Yes, very interesting. I don’t DO romances but you made me reconsider. I have frankly been following your blog because of interest in your blog. Now I may have to get the book. 😀
So, I’m assuming you’ve been participating in the 5-Day Amazon Ads Challenge. Don’t worry, I’m not a stalker, just a fan of all the Mad Genius folks who happens to also be one of the BPF writers (albeit, a junior one). Based on how I was taught to write blurbs, you want to start with a snappy hook. The 149 character copy you write for your ads can do double duty. It is comprised of 1-3 sentences. So, taking the 1977 Star Wars as an example: A desperate plea for help. A brutal empire ready to unleash the ultimate weapon. Can a farm boy from a backwater planet save the girl and the cosmos?
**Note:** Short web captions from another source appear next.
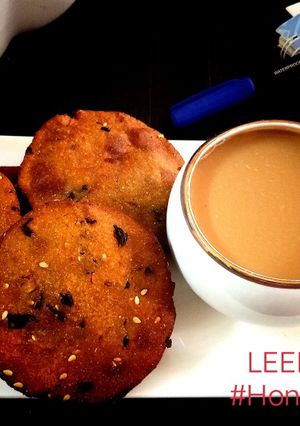 A picture of Methi Dhebra.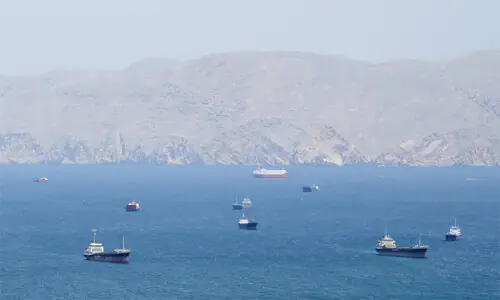 Muted traffic in Hormuz strains Gulf economies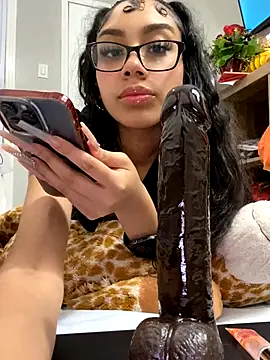 Snapshot of badbaby187 chatting on October 21, 8:41 pm badbaby187 online show from October 21, 8:41 pm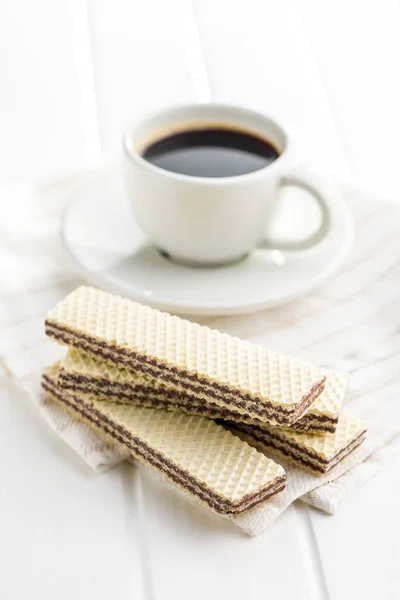 Zoete Chocoladewafel Koffiekopje Witte Tafel — Stockfoto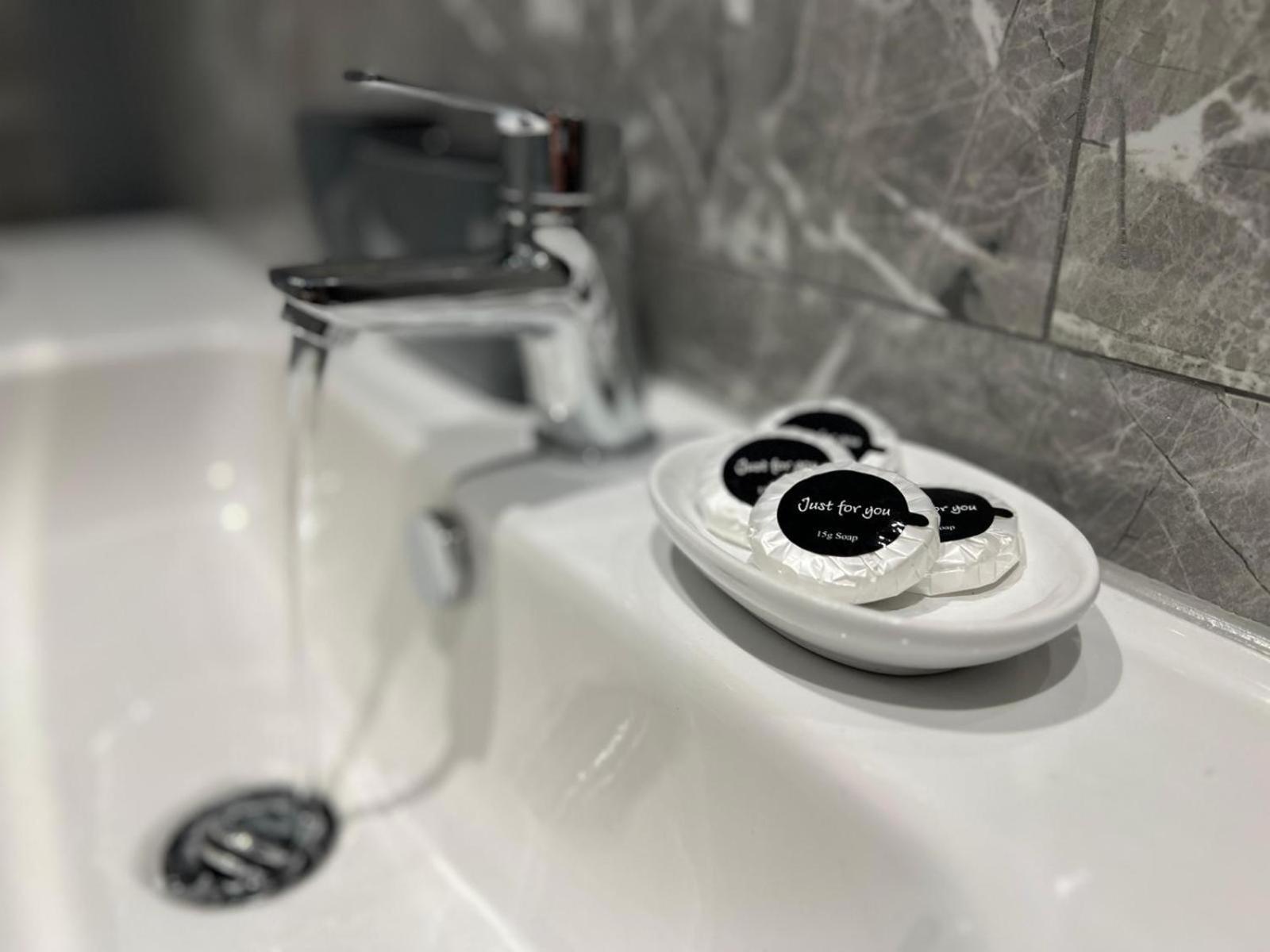 Whiskawaystays - Foregate Street - Apartment 4 우스터 외부 사진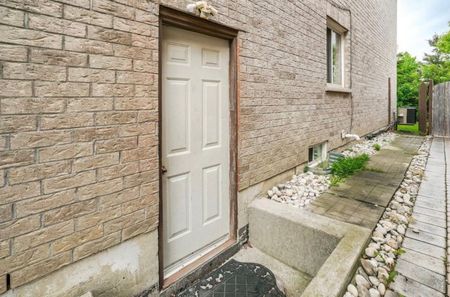 For Lease - 3861 Brinwood Gate, Mississauga, Ontario - Photo 2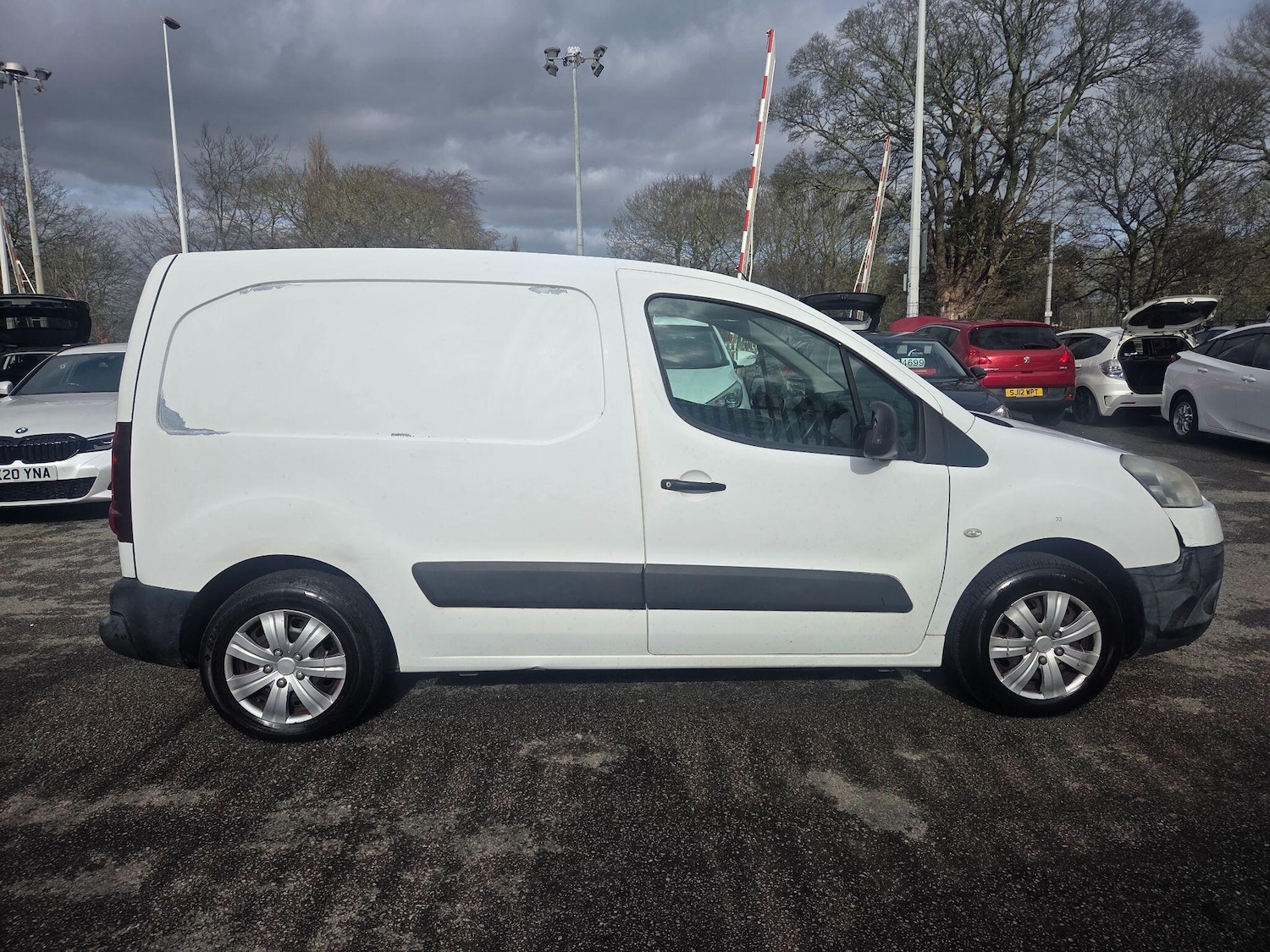 Used Peugeot Partner 2012 for sale - 77670306: Photo 2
From there you go into your first primary paragraph (made up of three sentences) that introduces your main character, starting with a super short sentence that gives the character’s name, tells us something about them, and expresses a deep seated emotion. So, continuing with “Star Wars”: Orphaned at a young age, Luke Skywalker dreams of adventure.
The next sentence usually introduces the first twist. In this case it would be something like: So when he discovers a distress signal stored on a droid that leads him into the desert, he’s shocked when he meets a figure out of legend.
The final sentence for that paragraph is our initial cliffhanger: But his elation turns to despair when he heads home to find soldiers hunting for the robot murdered his uncle and aunt.
Okay, not my best work, but it will do for the illustration. You follow that up with another short, three sentence paragraph, that moves the story along a bit and pumps up the stakes. The last sentence is your final cliffhanger: Can Luke and his friends defeat the spreading evil before the galaxy is crushed?
You follow this with the Selling Pitch: A New Hope is the rollicking first book in the Star Wars YA science fiction series. If you like exuberant heroes, nail-biting action, and terrifying villains, then you’ll love George Lucas’ space opera.
And then you finish up with the close: Buy A New Hope to blast into danger today!
A few other things to try to keep in mind. As much as possible, end sentences with hard sounds (desert) and/or powerful words (crushed). Also, try to keep escalating the stakes. For most books you’ll want to focus on death. If the hero fails he dies, or the world dies, or his family dies. Oh, and try to avoid using the same word twice. If you have to, put as much space as possible between the two instances.
I hope that helps you along. Blurb writing takes a ton of practice. I’m still learning.